ASSIGNMENT =
Write out the listing below in full and exactly, leaving out every picture.

DATA BELOW =

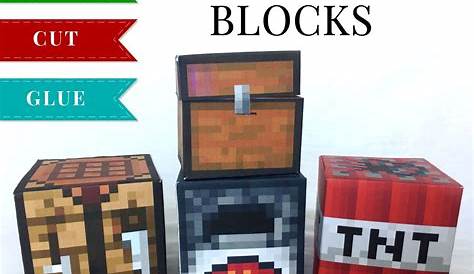 Printable Minecraft Papercraft Chest - Printable Papercrafts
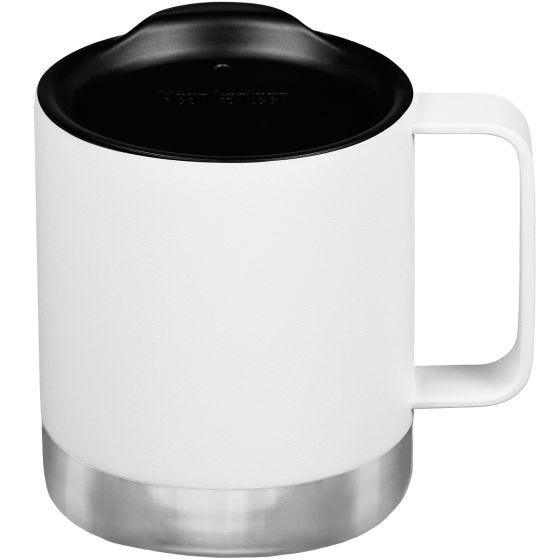 Klean Kanteen 355ml Insulated Camp Mug w/Tumbler Lid - Matte White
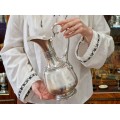 Carafă neoclasică daneză Greek Revival manufacturată în argint | atelier Simon Groth - retailer C Rasmussen | Copenhaga 1866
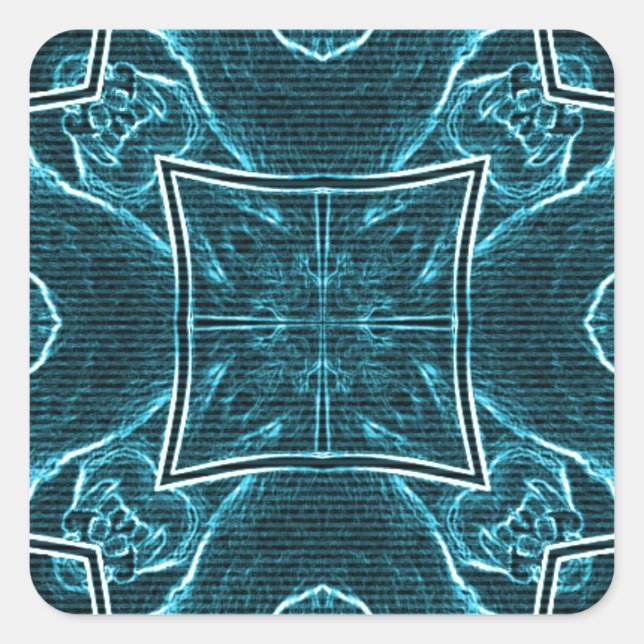 Adesivo Quadrado Lions Compartilham Impressão (Frente)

ANSWER BOX =
 Printable Minecraft Papercraft Chest - Printable Papercrafts
 Klean Kanteen 355ml Insulated Camp Mug w/Tumbler Lid - Matte White
 Carafă neoclasică daneză Greek Revival manufacturată în argint | atelier Simon Groth - retailer C Rasmussen | Copenhaga 1866
 Adesivo Quadrado Lions Compartilham Impressão (Frente)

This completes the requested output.